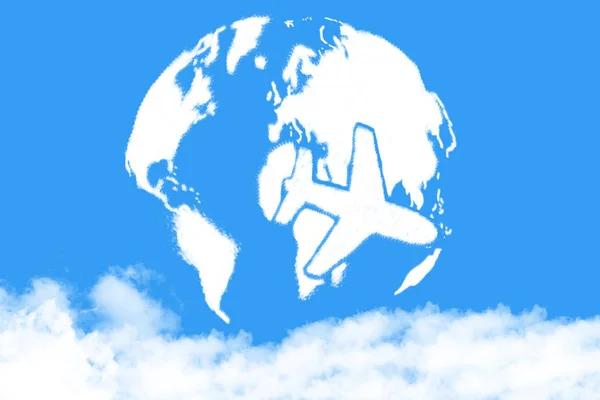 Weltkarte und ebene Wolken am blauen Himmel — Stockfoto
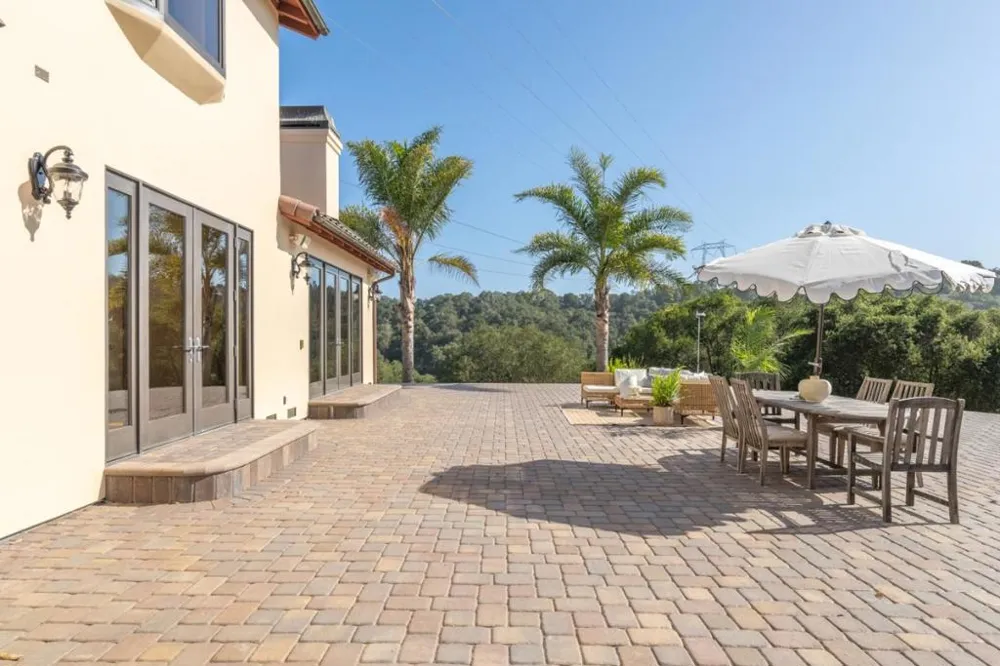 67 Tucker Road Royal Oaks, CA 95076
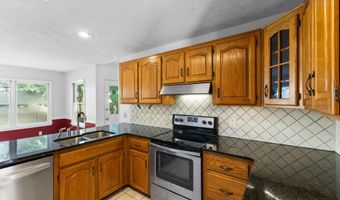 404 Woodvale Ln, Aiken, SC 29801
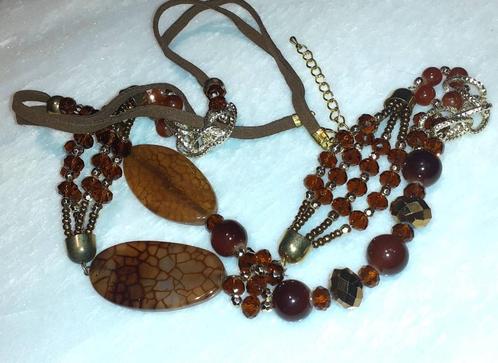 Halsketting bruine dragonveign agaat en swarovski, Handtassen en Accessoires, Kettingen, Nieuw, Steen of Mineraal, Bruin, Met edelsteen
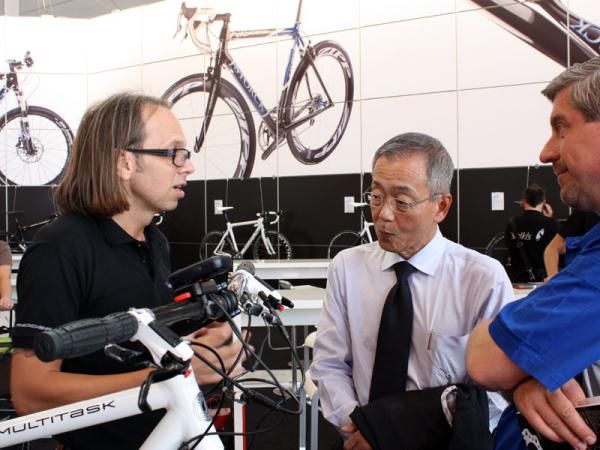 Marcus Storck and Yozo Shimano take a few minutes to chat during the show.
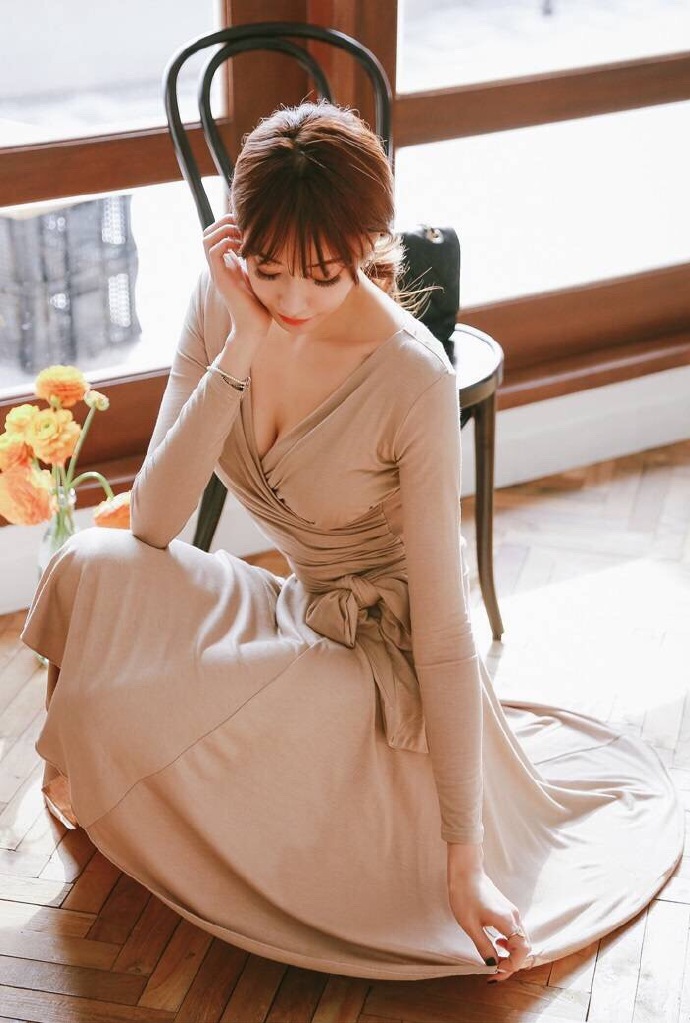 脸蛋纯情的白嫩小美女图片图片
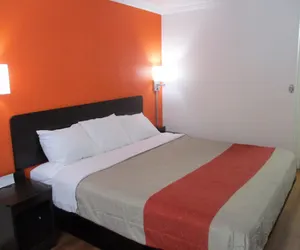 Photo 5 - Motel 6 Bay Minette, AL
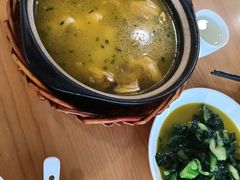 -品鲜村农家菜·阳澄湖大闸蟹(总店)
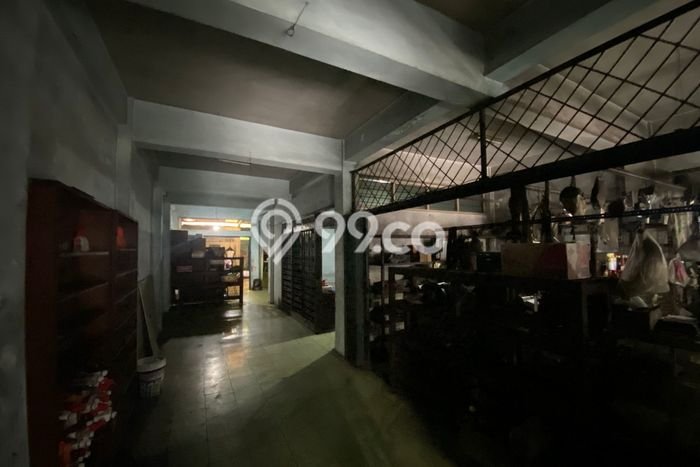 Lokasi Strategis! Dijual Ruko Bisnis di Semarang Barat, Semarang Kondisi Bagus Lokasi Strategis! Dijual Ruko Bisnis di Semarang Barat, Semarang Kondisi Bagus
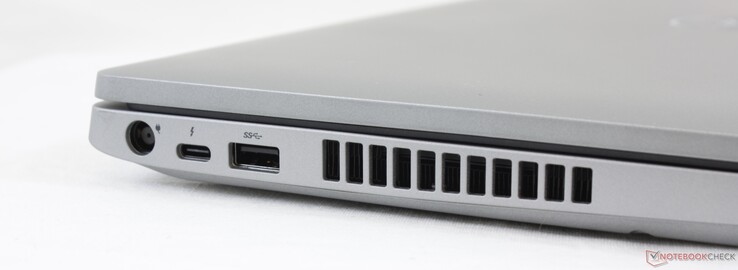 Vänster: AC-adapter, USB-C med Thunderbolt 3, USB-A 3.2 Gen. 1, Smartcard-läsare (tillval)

● ● ●

• _What this task involves_
Leave out the pictures and repeat everything else in the records exactly.

• _Solved exercise_
 Weltkarte und ebene Wolken am blauen Himmel — Stockfoto
 67 Tucker Road Royal Oaks, CA 95076
 404 Woodvale Ln, Aiken, SC 29801
 Halsketting bruine dragonveign agaat en swarovski, Handtassen en Accessoires, Kettingen, Nieuw, Steen of Mineraal, Bruin, Met edelsteen
 Marcus Storck and Yozo Shimano take a few minutes to chat during the show.
 脸蛋纯情的白嫩小美女图片图片
 Photo 5 - Motel 6 Bay Minette, AL
 -品鲜村农家菜·阳澄湖大闸蟹(总店)
 Lokasi Strategis! Dijual Ruko Bisnis di Semarang Barat, Semarang Kondisi Bagus Lokasi Strategis! Dijual Ruko Bisnis di Semarang Barat, Semarang Kondisi Bagus
 Vänster: AC-adapter, USB-C med Thunderbolt 3, USB-A 3.2 Gen. 1, Smartcard-läsare (tillval)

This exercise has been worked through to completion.